Between scans (or chunks with independent decode budgets):

step_arena.reset();    // Clear all nodes; invalidate all StepIds
slab.reset();          // Clear all decoded bytes; invalidate all ranges

This atomically invalidates all references, preventing use-after-reset bugs.

Key Types

StepArena

  • Purpose: Parent-linked arena for decode step provenance.
  • Lifetime: Valid for one scan; reset at the beginning of the next.
  • Key Operations:
    • push(parent: StepId, step: DecodeStep) -> StepId: Append a step and get its ID.
    • materialize(id: StepId, out: &mut ScratchVec<DecodeStep>): Reconstruct the root-to-leaf chain.
    • reset(): Clear all nodes and invalidate all IDs.

StepNode

  • Purpose: Node in the arena, linking a decode step to its parent.
  • Contents: parent: StepId and compact step: CompactDecodeStep.

StepId

  • Purpose: Opaque handle to a step in the arena.
  • Representation: u32 index into arena nodes.
  • Sentinel: STEP_ROOT (u32::MAX) marks the root of a provenance chain.
  • Invariant: Valid only while the originating arena is alive and not reset.

DecodeStep

  • Purpose: Represents a single decode operation in the provenance chain.
  • Variants:
    • Transform { transform_idx: usize, parent_span: Range<usize> }: A queued transform.
    • Utf16Window { endianness: Utf16Endianness, parent_span: Range<usize> }: UTF-16 reinterpretation.

DecodeSlab

  • Purpose: Append-only buffer for all decoded output.
  • Lifetime: Valid for one scan; ranges invalidated on reset.
  • Key Operations:
    • append_stream_decode(...): Decode input, enforce budgets, append to slab, return range.
    • reset(): Clear buffer and invalidate all ranges.
    • slice(r: Range<usize>) -> &[u8]: Access decoded bytes by range.

DecodeSteps

  • Purpose: Fixed-capacity container for a materialized decode chain.
  • Type: FixedVec<DecodeStep, MAX_DECODE_STEPS> (8 steps max).
  • Storage: Inline in each Finding, so no heap allocation.

Performance Summary

Operation Complexity Allocation Notes
StepArena::push O(1) No Append to ScratchVec
StepArena::materialize O(depth) Temp (steps_buf) Depth <= 8; no allocation if pre-sized
DecodeSlab::append_stream_decode O(decoded_len) No (if in budget) Streaming decode; budgets enforced
DecodeSlab::reset O(1) No Clears buffer; invalidates ranges
Finding materialization O(depth) Caller-dependent Provenance chain reconstructed once

Design Rationale

Why Not Store Steps Per-Finding?

Problem: If each FindingRec stored its own Vec<DecodeStep>, findings from the same decoded buffer would duplicate the provenance chain.

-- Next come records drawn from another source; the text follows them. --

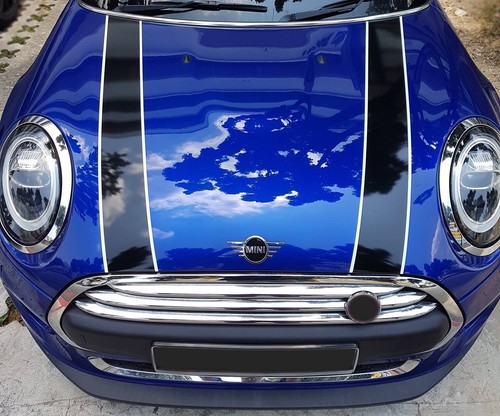 For mini one - for,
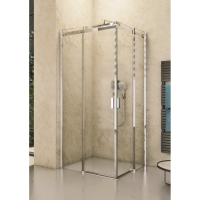 Душевой уголок (100х100) RIHO BALTIC B207 G002015120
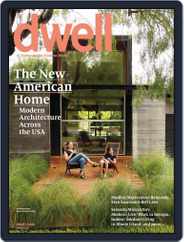 Dwell (Digital) Subscription                    February 1st, 2016 Issue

Solution: Shared parent-linked arena allows findings to record only a StepId, with lazy materialization on output.

Benefit: Reduces per-finding memory from ~100+ bytes (vector overhead) to 4 bytes (StepId).

Why Not Pre-Allocate All Decoded Buffers?

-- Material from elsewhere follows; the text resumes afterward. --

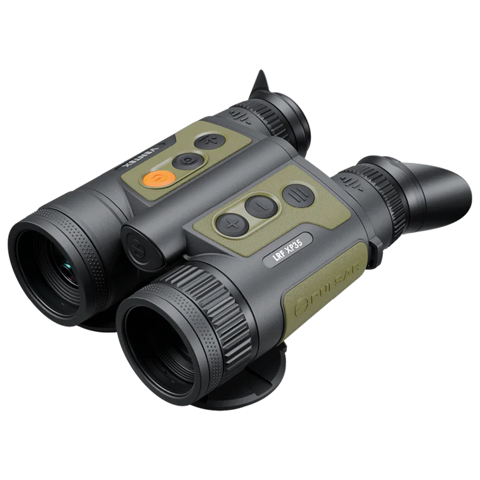 Pulsar Thremal Imaging Binoculars Ventex XP35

Problem: Decode spans are data-dependent and unpredictable; pre-allocation wastes memory or fails.

Solution: A streaming slab appends decoded bytes and rolls back on errors/dedupe, enabling on-demand decode within strict budgets.

Benefit: Bounded memory usage and no per-span allocation overhead, with range lifetimes defined by reset/truncation boundaries.

Why Reset Between Scans?

Problem: If IDs and ranges persisted across scans, old references could be misinterpreted after reuse.

Solution: Atomic reset invalidates all references; next scan starts fresh.

Benefit: Prevents subtle use-after-reset bugs; enables simple, fast reset (just clear()).

Constraints and Limits

  • MAX_DECODE_STEPS: Compile-time hard cap of 8 steps per finding chain. Engine build asserts tuning.max_transform_depth + 1 <= MAX_DECODE_STEPS.
  • Slab Capacity: Set to the global decode budget; enforced at decode time.
  • Arena Capacity: Pre-sized from tuning/rule counts in scratch setup; ScratchVec is fixed-capacity, so overrun is a logic error (debug-asserted).
  • Budget Overflow: If any budget is exceeded during a decode, the decode is aborted and rolled back; no partial state is retained.

Related Modules

  • scratch.rs: Owns and manages ScanScratch, which embeds both StepArena and DecodeSlab.
  • work_items.rs: Carries decoded spans (ranges) during work distribution.
  • transform.rs: Implements stream_decode, which emits decode chunks consumed by DecodeSlab::append_stream_decode.
  • core.rs: Orchestrates the scan loop and coordinates reset.